> [Task goal]: Could you retype exactly the lines below between the one holding "Storage Jar Porcelain" and the one holding "Soft Silky Gradient", inclusive, leaving out any pictures?

> [Information supplied]:

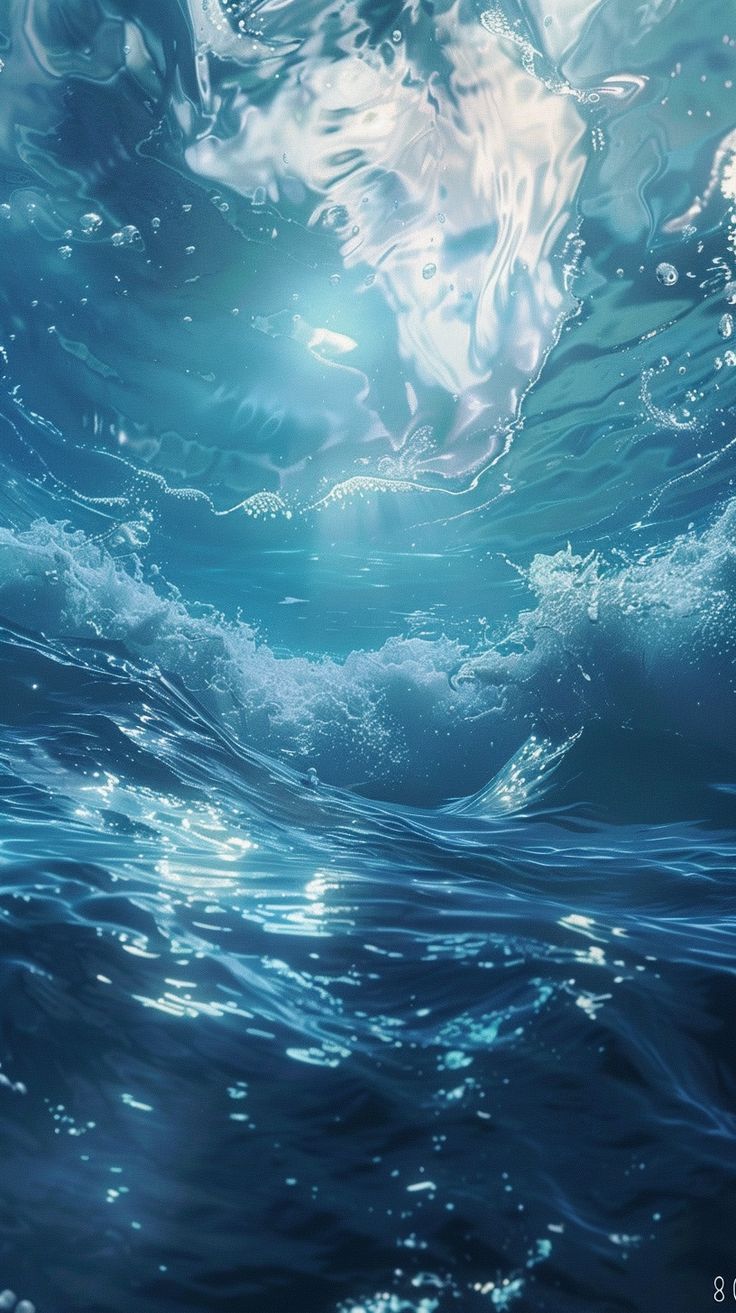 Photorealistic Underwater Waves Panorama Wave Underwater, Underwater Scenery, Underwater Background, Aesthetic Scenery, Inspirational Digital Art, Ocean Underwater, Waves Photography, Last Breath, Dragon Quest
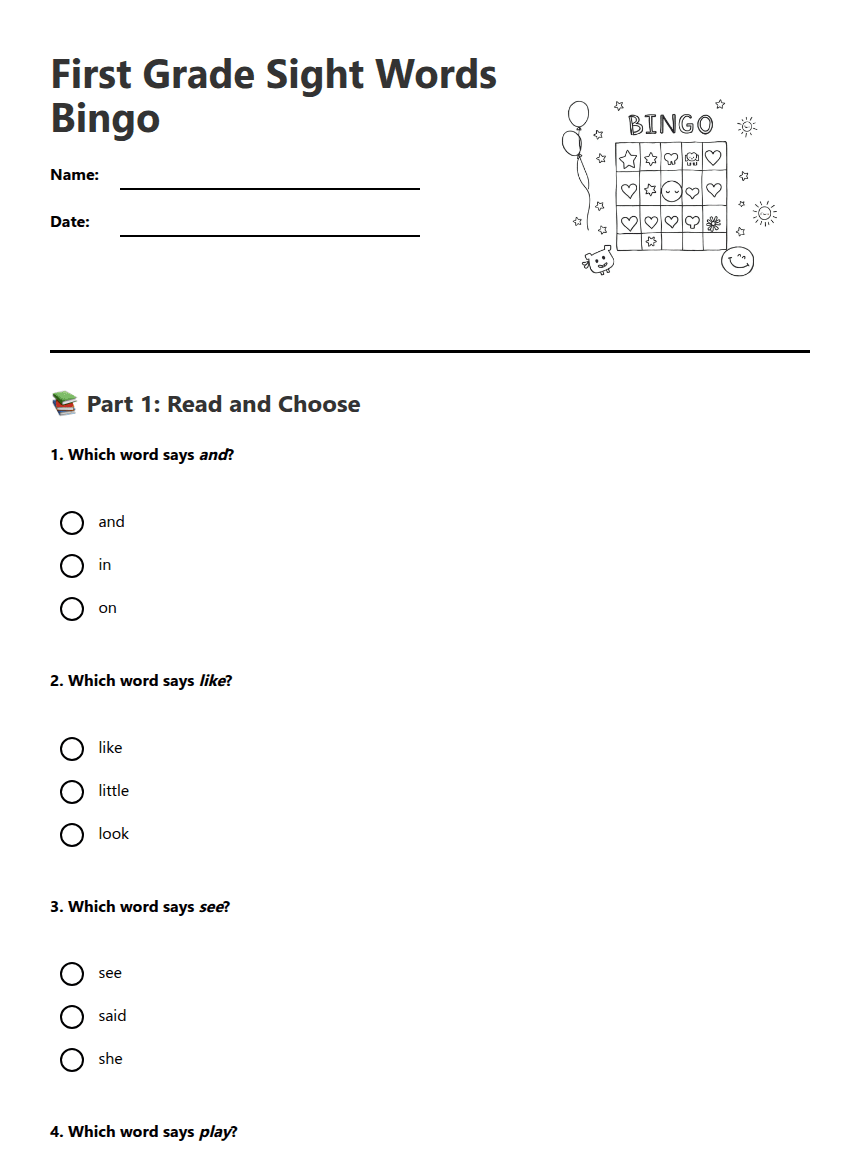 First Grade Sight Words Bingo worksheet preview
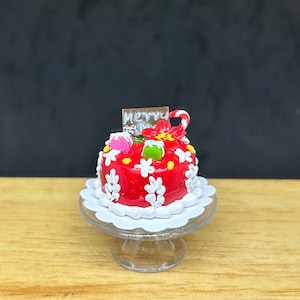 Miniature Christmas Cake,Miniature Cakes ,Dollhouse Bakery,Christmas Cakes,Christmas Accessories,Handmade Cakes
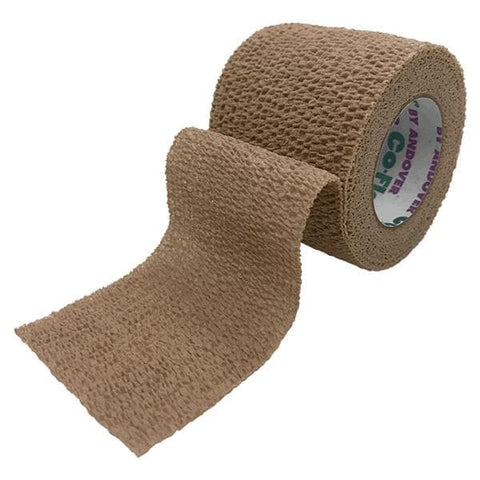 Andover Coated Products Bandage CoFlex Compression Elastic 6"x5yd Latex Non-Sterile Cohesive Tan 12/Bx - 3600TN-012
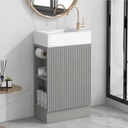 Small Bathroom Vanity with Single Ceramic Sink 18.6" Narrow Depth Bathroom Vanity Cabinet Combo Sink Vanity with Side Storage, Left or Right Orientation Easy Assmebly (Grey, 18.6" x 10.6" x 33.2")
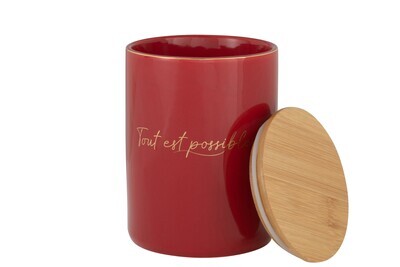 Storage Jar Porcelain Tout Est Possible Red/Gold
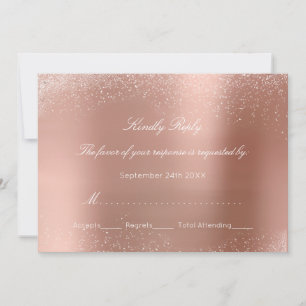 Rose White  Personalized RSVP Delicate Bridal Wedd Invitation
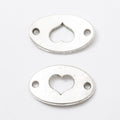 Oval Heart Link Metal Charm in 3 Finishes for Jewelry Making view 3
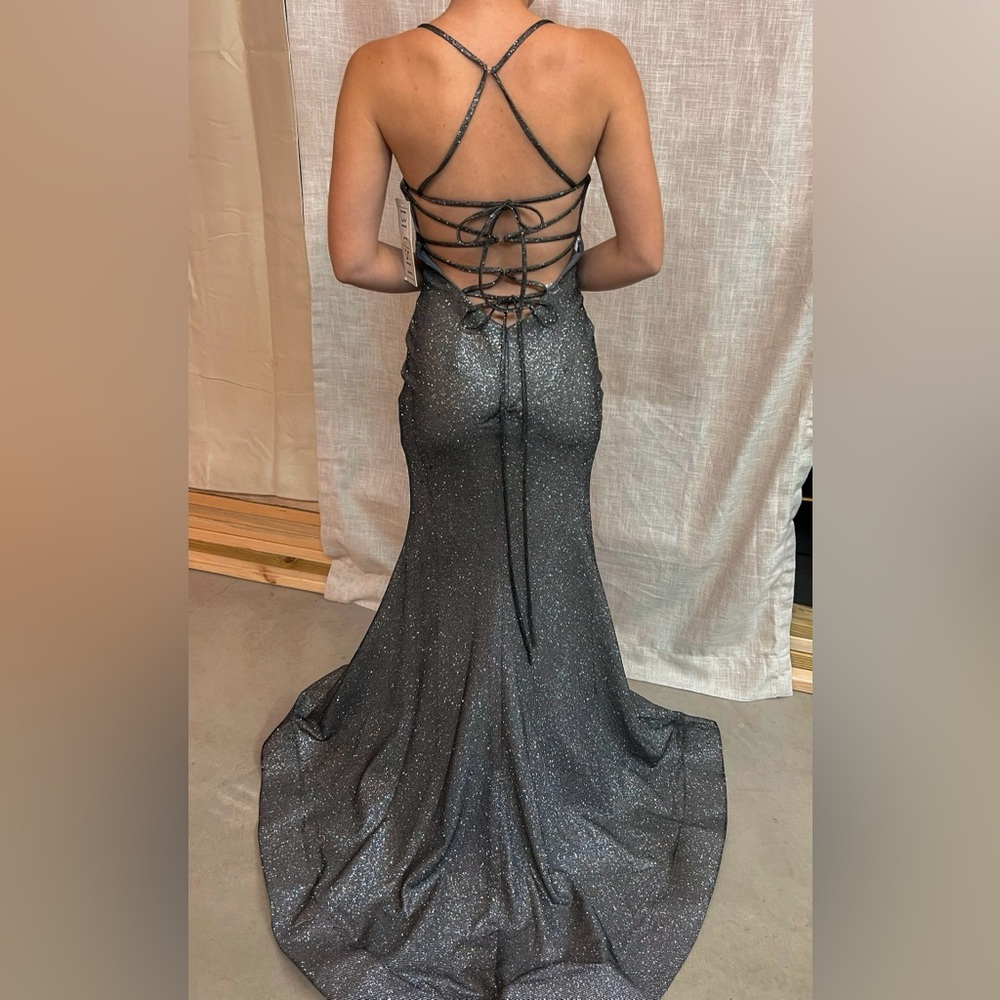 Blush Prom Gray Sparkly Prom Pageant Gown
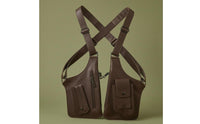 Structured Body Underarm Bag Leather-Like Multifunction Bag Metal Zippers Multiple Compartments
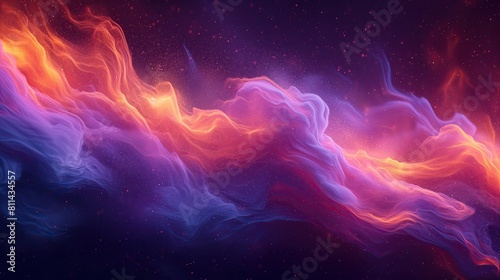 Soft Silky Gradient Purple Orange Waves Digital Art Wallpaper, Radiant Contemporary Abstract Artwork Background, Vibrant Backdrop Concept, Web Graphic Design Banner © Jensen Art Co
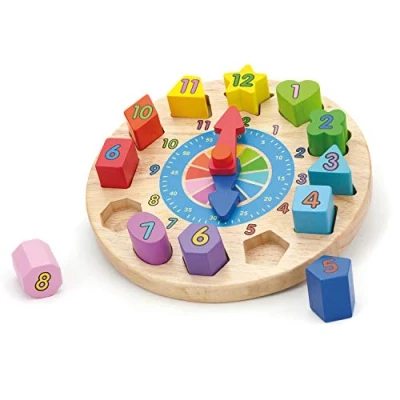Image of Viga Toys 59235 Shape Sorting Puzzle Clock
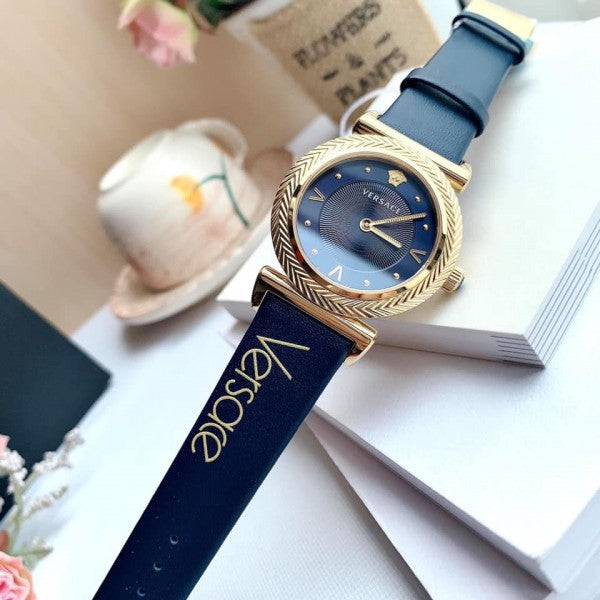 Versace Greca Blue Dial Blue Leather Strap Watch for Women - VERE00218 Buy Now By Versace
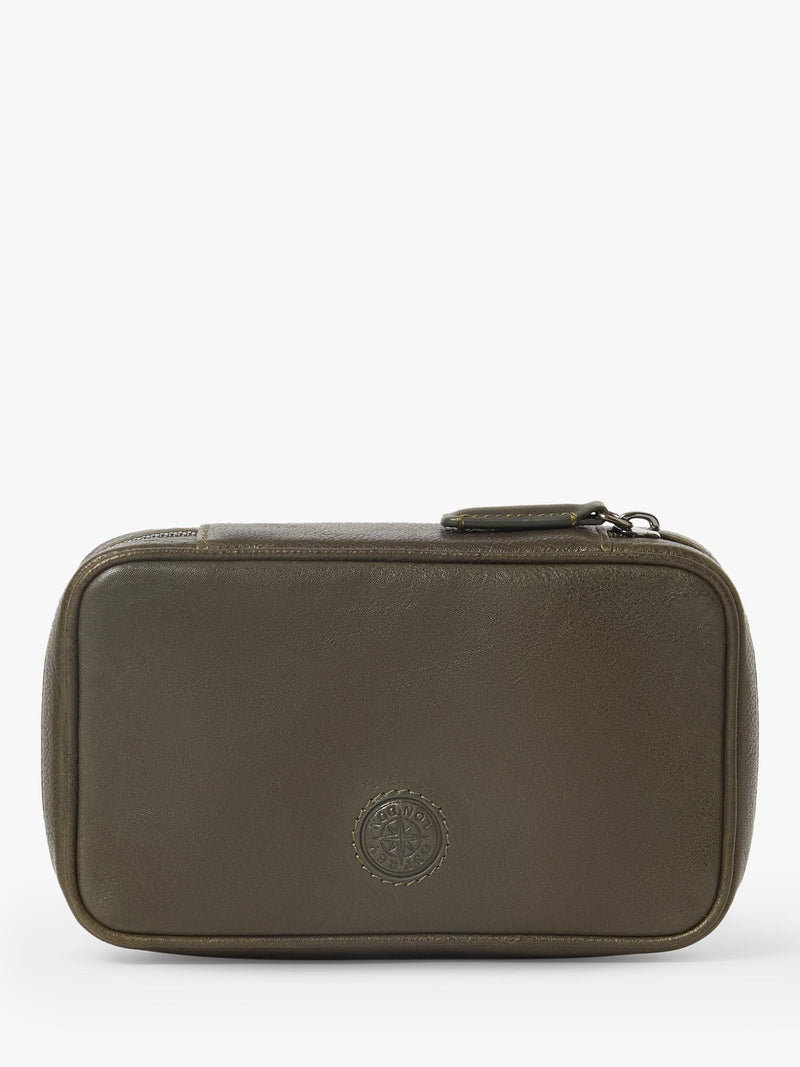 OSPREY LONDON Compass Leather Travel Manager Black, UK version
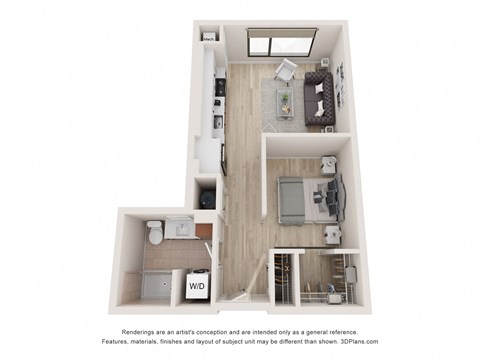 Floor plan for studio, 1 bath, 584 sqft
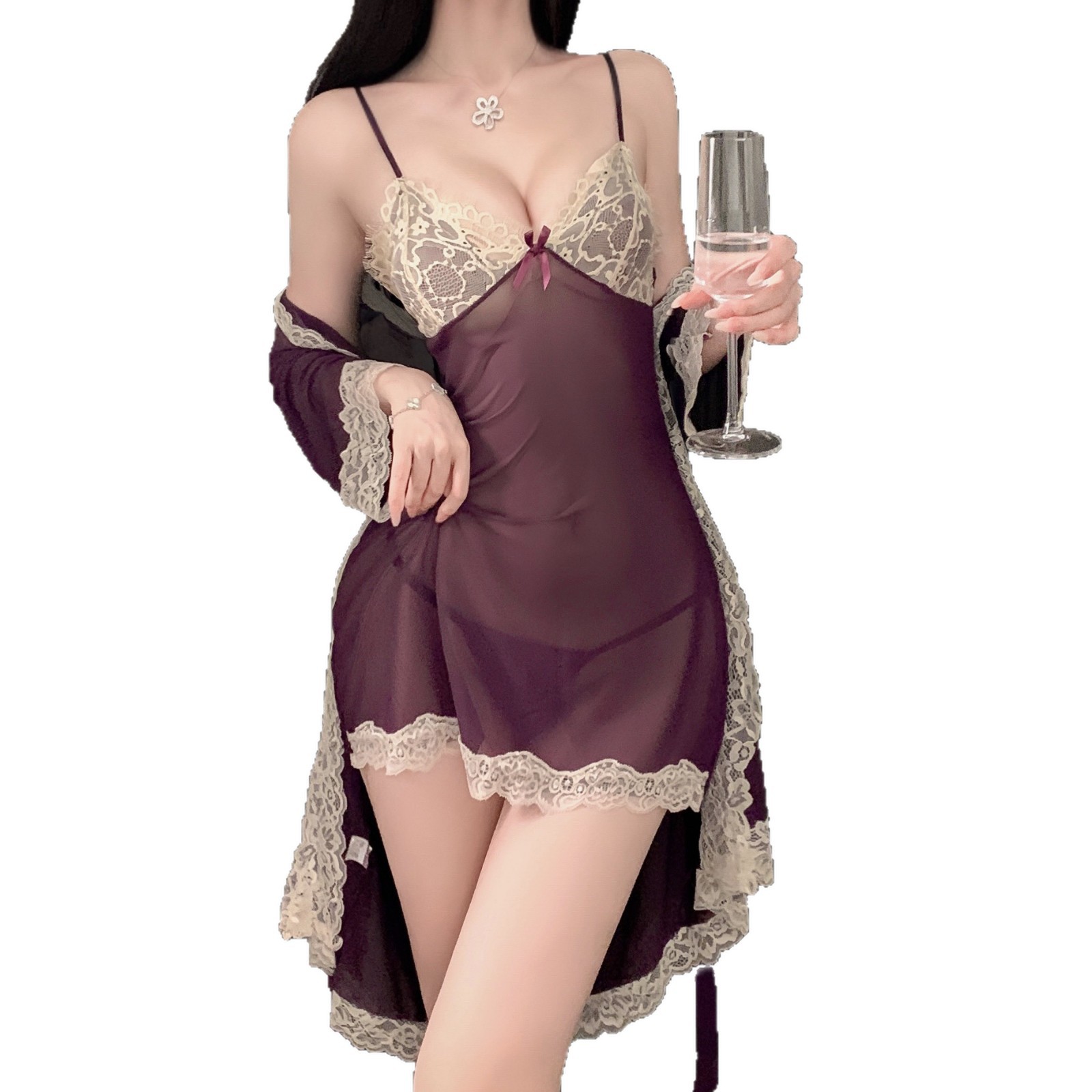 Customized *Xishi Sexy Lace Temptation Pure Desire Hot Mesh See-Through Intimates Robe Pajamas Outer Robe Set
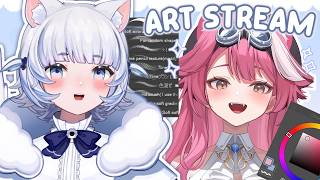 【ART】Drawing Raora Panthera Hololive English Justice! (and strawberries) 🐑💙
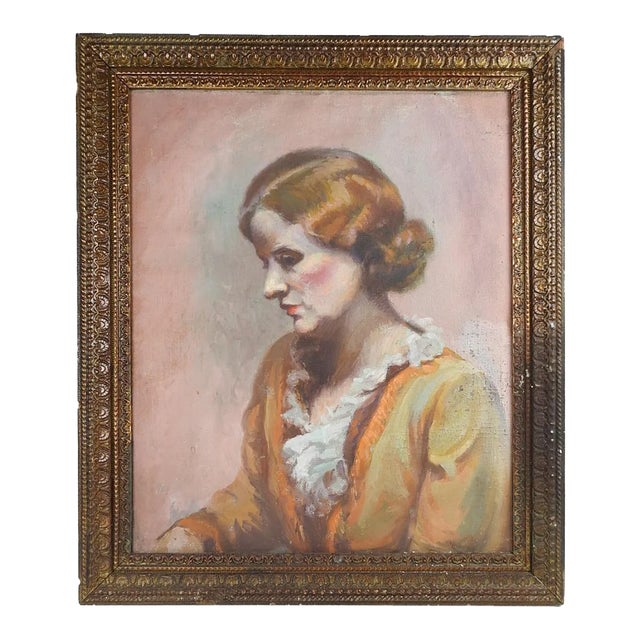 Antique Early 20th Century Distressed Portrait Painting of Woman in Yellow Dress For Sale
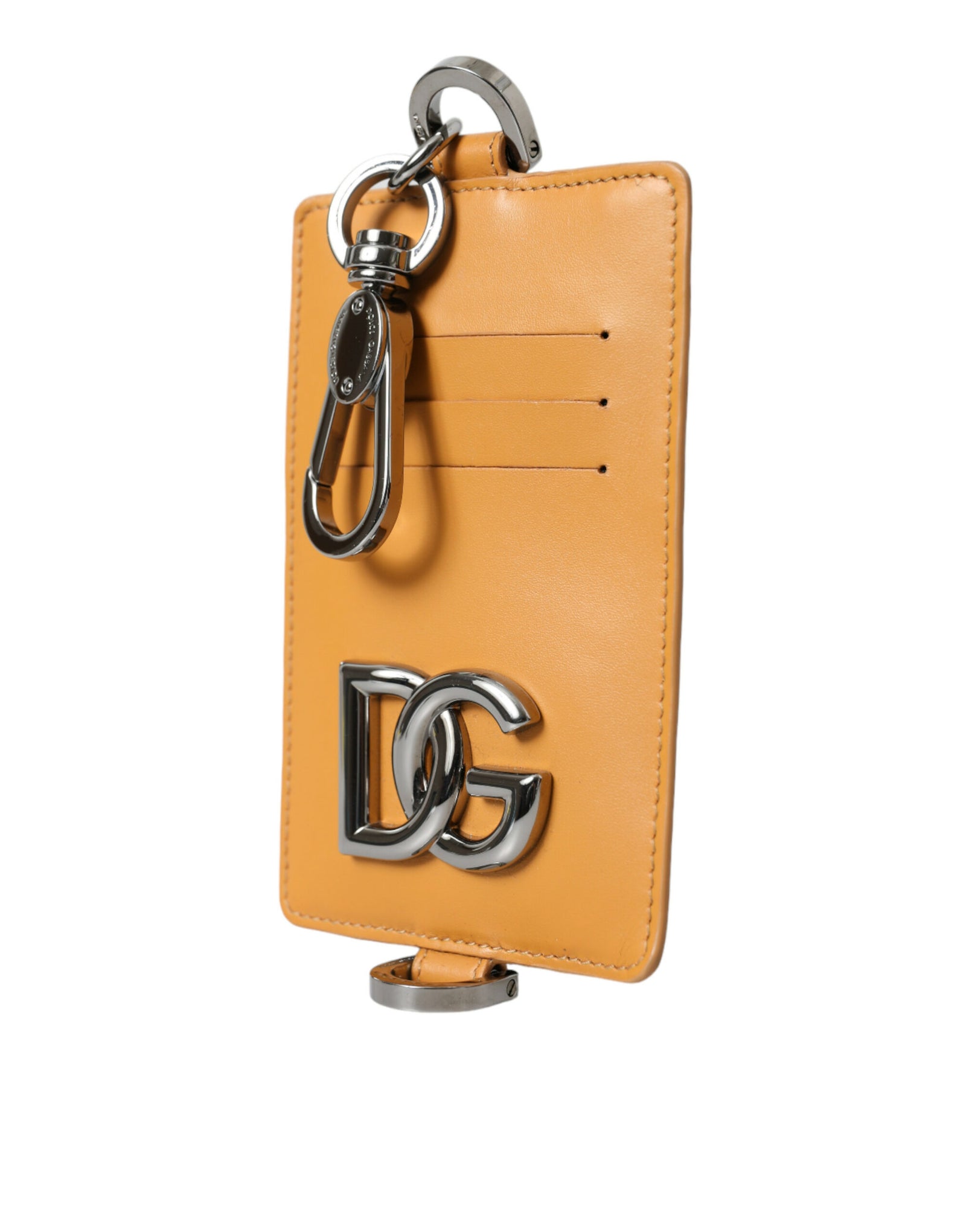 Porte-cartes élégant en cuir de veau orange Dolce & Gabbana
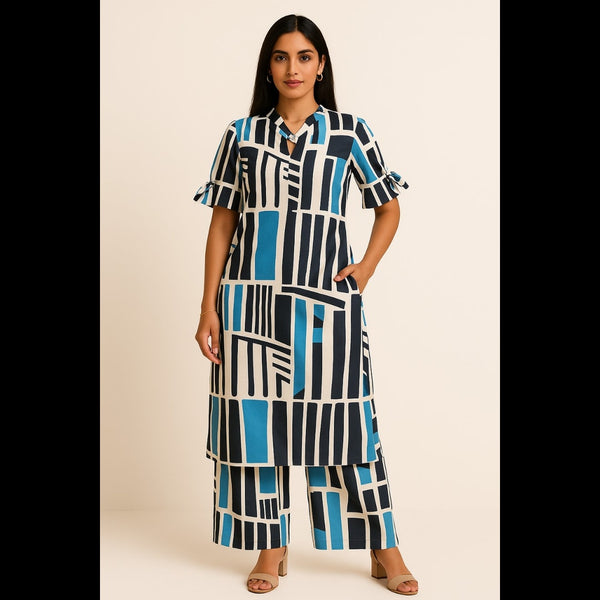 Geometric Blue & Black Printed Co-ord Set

> [Task answer]:
 Storage Jar Porcelain Tout Est Possible Red/Gold
 Rose White  Personalized RSVP Delicate Bridal Wedd Invitation
 Oval Heart Link Metal Charm in 3 Finishes for Jewelry Making view 3
 Blush Prom Gray Sparkly Prom Pageant Gown
 Structured Body Underarm Bag Leather-Like Multifunction Bag Metal Zippers Multiple Compartments
 Soft Silky Gradient Purple Orange Waves Digital Art Wallpaper, Radiant Contemporary Abstract Artwork Background, Vibrant Backdrop Concept, Web Graphic Design Banner © Jensen Art Co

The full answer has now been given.